Is blockchain the solution to so many of the world’s problems, as promised so often as Bitcoin neared $20,000? Or was it simply a passing fad, another tulip bubble? The truth is, blockchain is a powerful new technology and tokens represent a new form of tradeable with utility that can empower users within an ecosystem. Nevertheless, a basic fact of business, missed or ignored by many during the past year and a half, remains unchanged: fundamentals are still key.
A Brief History of Cryptocurrency
First, I want to provide a little background on cryptocurrency, what it is, and what it can do. Cryptocurrencies came into existence when someone using the pseudonym Satoshi Nakamoto - whose true identity remains unknown - released a white paper outlining the methods for creating Bitcoin. Since the design was open-source, it was easy for others to take the concept and create new cryptocurrencies.
Fundamentally, cryptocurrency is a unit of exchange - a “token” - governed by an open-source rule set for the creation and trade of a limited number of these units. Many cryptocurrencies regulate the number of coins in circulation by generating them from people running cryptographic verification of the transactions on the network, also known as a proof-of-work system. Others launch with a set number of coins as a way to verify transactions between users, frequently linking the coin's value to a physical good.
Those seeking a decentralized currency as a way to protect their funds from seizure, loss, or theft, as well as a way to freely trade, drove early adoption. This encouraged more miners to create sprawling computer setups to verify transactions and produce coins. Over time, new coins have emerged with alternatives to the original proof-of-work method of generation, designed to address some of the problems that arose with the original coins. In 2017 and the first half of 2018, a huge number of these coins were created and marketed through Initial Coin Offerings (ICOs), raising over $6 billion last year alone. Now, with major drops in the value of the main cryptocurrencies, ICO activity has dropped dramatically and many tokens have become moribund, leading some cynics to question the viability of the asset class as a whole.

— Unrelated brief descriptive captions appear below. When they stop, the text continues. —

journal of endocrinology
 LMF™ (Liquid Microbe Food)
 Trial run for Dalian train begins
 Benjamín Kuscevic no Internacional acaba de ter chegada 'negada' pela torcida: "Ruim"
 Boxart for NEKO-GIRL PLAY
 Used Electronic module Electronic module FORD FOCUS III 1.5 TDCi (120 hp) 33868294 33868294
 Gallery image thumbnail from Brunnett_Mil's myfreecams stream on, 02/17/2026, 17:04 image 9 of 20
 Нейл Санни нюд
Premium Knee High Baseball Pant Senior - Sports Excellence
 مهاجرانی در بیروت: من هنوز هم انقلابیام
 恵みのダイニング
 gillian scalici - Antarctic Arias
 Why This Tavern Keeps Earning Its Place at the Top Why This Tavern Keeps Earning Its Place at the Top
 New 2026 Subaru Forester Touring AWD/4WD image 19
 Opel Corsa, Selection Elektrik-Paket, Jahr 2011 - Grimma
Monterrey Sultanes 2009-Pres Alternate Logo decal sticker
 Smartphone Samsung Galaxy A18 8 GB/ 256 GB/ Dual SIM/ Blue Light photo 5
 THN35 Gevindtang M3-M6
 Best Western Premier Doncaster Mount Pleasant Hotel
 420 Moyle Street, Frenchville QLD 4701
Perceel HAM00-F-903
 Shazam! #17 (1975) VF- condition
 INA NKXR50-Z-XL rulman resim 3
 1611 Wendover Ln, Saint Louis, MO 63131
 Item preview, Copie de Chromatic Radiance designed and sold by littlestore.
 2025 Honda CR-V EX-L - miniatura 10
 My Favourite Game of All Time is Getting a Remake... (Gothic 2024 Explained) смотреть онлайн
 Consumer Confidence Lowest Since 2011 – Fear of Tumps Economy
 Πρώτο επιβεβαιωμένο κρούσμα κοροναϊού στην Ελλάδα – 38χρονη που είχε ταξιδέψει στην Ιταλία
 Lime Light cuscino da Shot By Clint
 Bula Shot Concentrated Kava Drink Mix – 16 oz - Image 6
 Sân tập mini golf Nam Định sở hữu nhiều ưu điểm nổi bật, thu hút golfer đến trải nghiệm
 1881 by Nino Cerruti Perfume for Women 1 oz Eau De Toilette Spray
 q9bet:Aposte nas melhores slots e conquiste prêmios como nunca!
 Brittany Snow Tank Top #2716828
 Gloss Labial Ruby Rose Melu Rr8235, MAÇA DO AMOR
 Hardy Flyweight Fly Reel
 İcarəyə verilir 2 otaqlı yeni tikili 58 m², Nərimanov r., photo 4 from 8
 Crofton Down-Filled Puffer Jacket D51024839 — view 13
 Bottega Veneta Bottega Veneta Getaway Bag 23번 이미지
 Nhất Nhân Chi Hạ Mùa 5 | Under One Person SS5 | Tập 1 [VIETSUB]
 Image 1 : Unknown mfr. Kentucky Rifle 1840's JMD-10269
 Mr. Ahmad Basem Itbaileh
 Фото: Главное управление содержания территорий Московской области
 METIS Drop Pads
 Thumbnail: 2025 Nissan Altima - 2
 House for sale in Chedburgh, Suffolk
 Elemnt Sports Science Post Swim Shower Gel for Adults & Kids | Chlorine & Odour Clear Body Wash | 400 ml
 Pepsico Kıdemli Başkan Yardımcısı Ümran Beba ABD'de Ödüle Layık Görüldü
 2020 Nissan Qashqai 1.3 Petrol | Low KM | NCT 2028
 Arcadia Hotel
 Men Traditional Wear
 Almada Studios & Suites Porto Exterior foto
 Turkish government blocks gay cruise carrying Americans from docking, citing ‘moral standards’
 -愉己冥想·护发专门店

But Are They Here to Stay?
Skepticism is healthy, but those declaring the end of crypto have missed the point. Cryptocurrencies are relatively straightforward to create and definitively - it is not a question at this point - can be applied to solve real problems. And as long as entrepreneurs are able to identify uses for cryptocurrency tokens, tokens are likely to persist in the marketplace. Of course, not all tokens will succeed. Of the initial coin offerings that took place in 2017, over half had failed by the halfway point in 2018. But it is important to remember that in this respect the crypto space behaves like any traditional sector: forces of supply and demand determine which businesses and ideas survive and thrive, and which fail. This is an aspect of “creative destruction” and is to be expected, particularly in such a new asset class.
Good Business Fundamentals Are Still the Key
So what differentiates a token headed for success from one destined to go to zero? While luck and timing are a factor - as in all aspects of life - the key is business fundamentals. Can the team execute on its vision? Do they have a roadmap, strong advisors, and a path to revenue? Is the product solving a real problem? The answers to these questions - the underlying strength and competence of the business behind the token - are the best way to predict which crypto-assets succeed and which do not.
Cryptocurrency does indeed offer the world a new form of asset class. Tokens are a unit of exchange that can bestow, through technology, all kinds of attributes - from ownership in a company, to a share of revenue and profit, to privileges and responsibilities within an ecosystem. As the space matures, these uses will multiply and become more established. Cryptocurrency has the potential to transform the way business is done. But we must always remember that just because something is a cryptocurrency does not make it valuable. To evaluate the likelihood of success, it’s still best to stick to the fundamentals.